[Stored items from a collection]
____________________

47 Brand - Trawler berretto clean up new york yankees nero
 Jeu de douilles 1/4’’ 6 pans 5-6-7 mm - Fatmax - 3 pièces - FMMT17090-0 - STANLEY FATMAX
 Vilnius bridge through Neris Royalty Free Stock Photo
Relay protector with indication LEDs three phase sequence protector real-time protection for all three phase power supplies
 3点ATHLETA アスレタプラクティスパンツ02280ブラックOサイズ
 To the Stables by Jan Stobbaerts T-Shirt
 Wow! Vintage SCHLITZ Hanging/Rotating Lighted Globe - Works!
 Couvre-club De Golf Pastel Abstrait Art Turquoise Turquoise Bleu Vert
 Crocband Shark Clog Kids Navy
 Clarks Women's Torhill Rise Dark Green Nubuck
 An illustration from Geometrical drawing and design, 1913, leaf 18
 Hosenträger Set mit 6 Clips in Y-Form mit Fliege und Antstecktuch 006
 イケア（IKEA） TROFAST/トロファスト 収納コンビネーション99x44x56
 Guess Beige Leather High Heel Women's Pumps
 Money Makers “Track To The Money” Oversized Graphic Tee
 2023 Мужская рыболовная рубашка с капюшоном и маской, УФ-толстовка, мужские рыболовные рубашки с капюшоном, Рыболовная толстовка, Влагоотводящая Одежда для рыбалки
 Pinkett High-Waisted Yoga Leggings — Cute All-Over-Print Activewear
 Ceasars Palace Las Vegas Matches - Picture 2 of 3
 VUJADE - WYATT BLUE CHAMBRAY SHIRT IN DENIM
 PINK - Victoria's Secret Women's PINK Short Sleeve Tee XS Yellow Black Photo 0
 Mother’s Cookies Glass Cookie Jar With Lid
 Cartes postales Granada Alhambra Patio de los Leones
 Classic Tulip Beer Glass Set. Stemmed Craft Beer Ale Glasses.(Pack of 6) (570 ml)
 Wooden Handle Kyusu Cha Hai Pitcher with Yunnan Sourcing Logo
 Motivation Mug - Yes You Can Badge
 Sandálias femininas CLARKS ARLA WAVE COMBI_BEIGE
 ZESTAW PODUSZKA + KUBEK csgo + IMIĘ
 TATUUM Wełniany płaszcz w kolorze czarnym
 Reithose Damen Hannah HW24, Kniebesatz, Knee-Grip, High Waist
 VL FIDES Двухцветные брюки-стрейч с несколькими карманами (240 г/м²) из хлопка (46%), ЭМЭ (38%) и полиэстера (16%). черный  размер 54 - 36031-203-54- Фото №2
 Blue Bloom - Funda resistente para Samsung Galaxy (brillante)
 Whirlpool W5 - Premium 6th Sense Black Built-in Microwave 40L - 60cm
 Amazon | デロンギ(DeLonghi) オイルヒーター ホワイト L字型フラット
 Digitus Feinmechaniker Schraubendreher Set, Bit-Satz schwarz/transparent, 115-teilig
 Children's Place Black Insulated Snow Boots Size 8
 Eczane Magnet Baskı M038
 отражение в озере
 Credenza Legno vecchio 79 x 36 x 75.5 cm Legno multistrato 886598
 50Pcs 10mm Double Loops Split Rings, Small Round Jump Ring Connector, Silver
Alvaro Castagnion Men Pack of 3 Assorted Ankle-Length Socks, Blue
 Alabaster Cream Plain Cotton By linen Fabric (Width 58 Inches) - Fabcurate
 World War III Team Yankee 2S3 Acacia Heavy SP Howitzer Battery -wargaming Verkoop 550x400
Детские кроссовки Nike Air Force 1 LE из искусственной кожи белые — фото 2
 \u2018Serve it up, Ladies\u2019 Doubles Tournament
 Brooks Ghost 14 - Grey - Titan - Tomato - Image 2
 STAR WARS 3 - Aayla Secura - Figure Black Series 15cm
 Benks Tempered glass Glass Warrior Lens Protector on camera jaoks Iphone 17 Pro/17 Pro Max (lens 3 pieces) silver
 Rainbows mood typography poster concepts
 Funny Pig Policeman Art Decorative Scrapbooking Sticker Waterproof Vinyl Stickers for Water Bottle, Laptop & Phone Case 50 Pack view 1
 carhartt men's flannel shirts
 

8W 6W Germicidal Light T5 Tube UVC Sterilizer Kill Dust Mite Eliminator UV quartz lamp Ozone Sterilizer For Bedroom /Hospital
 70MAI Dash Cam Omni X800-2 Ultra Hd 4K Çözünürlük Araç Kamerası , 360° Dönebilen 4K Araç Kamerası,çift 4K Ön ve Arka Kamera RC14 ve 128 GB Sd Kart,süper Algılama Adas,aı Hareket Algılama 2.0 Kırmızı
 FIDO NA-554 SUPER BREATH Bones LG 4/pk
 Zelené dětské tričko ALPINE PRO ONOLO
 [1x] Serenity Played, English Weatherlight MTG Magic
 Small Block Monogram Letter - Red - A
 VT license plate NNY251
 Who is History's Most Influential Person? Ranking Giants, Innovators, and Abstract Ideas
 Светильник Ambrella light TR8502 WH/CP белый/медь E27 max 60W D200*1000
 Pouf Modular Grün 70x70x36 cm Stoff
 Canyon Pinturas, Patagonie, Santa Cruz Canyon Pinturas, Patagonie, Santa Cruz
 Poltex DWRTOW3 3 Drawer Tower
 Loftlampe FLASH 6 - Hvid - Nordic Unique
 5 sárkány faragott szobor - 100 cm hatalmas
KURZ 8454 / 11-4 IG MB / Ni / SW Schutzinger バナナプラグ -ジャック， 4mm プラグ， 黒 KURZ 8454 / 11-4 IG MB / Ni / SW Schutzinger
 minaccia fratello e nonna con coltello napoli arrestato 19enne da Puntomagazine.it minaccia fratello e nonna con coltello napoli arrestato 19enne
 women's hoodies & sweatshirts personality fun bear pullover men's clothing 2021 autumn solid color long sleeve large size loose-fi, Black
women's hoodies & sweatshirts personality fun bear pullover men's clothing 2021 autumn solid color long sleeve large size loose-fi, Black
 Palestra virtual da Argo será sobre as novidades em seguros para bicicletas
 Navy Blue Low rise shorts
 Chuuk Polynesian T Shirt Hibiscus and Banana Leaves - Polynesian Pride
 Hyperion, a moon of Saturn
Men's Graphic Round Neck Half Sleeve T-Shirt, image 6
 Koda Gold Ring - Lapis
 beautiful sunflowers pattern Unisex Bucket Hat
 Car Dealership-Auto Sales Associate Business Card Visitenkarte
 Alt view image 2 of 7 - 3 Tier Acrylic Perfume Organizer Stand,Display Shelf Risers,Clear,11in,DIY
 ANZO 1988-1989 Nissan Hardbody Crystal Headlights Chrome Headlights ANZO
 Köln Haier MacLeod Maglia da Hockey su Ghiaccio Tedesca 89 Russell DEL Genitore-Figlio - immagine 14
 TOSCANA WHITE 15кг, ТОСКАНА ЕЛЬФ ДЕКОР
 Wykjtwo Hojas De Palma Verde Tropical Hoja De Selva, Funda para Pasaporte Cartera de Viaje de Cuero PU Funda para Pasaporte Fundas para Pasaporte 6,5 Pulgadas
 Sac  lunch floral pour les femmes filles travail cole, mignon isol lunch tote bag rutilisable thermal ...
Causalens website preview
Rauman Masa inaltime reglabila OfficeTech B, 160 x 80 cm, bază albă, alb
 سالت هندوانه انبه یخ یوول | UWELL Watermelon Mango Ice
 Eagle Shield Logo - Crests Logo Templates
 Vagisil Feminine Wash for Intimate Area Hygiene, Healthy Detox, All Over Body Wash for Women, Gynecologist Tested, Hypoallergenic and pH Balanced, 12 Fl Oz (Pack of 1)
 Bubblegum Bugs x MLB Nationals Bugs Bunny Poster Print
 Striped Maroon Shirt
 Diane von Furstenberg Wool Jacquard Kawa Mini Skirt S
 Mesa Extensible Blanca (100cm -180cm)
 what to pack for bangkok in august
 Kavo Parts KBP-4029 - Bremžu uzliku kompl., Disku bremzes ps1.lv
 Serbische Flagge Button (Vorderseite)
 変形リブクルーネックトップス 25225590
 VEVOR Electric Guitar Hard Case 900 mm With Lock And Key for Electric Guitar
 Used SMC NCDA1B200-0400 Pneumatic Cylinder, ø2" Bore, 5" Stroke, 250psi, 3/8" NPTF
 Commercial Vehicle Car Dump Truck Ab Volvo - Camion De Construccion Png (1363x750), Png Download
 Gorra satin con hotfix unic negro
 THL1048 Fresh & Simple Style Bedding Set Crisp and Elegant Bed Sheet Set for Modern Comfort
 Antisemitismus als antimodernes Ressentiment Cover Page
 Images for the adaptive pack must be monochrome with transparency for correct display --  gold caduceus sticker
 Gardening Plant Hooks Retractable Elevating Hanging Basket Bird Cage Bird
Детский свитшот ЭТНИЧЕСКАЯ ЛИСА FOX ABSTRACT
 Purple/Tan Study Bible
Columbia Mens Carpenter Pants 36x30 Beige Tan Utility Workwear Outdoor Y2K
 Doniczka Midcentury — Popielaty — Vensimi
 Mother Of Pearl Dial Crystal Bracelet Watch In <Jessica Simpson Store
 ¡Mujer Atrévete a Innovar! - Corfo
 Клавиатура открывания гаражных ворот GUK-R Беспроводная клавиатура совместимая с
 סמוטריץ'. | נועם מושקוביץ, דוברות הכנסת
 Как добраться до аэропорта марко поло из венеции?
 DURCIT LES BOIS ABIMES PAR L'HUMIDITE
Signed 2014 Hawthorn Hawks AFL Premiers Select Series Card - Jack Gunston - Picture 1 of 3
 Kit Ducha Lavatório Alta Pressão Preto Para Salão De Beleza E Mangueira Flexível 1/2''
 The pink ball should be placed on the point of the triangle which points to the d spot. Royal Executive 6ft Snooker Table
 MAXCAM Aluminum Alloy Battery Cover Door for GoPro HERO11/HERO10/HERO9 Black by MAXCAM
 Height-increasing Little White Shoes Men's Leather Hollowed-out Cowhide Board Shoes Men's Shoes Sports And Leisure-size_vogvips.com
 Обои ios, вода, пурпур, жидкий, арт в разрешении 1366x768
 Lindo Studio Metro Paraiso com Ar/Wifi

____________________

Give an exact copy of the lines above, from the top of the records to the line that contains "PINK - Victoria's", taking in both ends.

→ **SOLVED EXERCISE**
47 Brand - Trawler berretto clean up new york yankees nero
 Jeu de douilles 1/4’’ 6 pans 5-6-7 mm - Fatmax - 3 pièces - FMMT17090-0 - STANLEY FATMAX
 Vilnius bridge through Neris Royalty Free Stock Photo
Relay protector with indication LEDs three phase sequence protector real-time protection for all three phase power supplies
 3点ATHLETA アスレタプラクティスパンツ02280ブラックOサイズ
 To the Stables by Jan Stobbaerts T-Shirt
 Wow! Vintage SCHLITZ Hanging/Rotating Lighted Globe - Works!
 Couvre-club De Golf Pastel Abstrait Art Turquoise Turquoise Bleu Vert
 Crocband Shark Clog Kids Navy
 Clarks Women's Torhill Rise Dark Green Nubuck
 An illustration from Geometrical drawing and design, 1913, leaf 18
 Hosenträger Set mit 6 Clips in Y-Form mit Fliege und Antstecktuch 006
 イケア（IKEA） TROFAST/トロファスト 収納コンビネーション99x44x56
 Guess Beige Leather High Heel Women's Pumps
 Money Makers “Track To The Money” Oversized Graphic Tee
 2023 Мужская рыболовная рубашка с капюшоном и маской, УФ-толстовка, мужские рыболовные рубашки с капюшоном, Рыболовная толстовка, Влагоотводящая Одежда для рыбалки
 Pinkett High-Waisted Yoga Leggings — Cute All-Over-Print Activewear
 Ceasars Palace Las Vegas Matches - Picture 2 of 3
 VUJADE - WYATT BLUE CHAMBRAY SHIRT IN DENIM
 PINK - Victoria's Secret Women's PINK Short Sleeve Tee XS Yellow Black Photo 0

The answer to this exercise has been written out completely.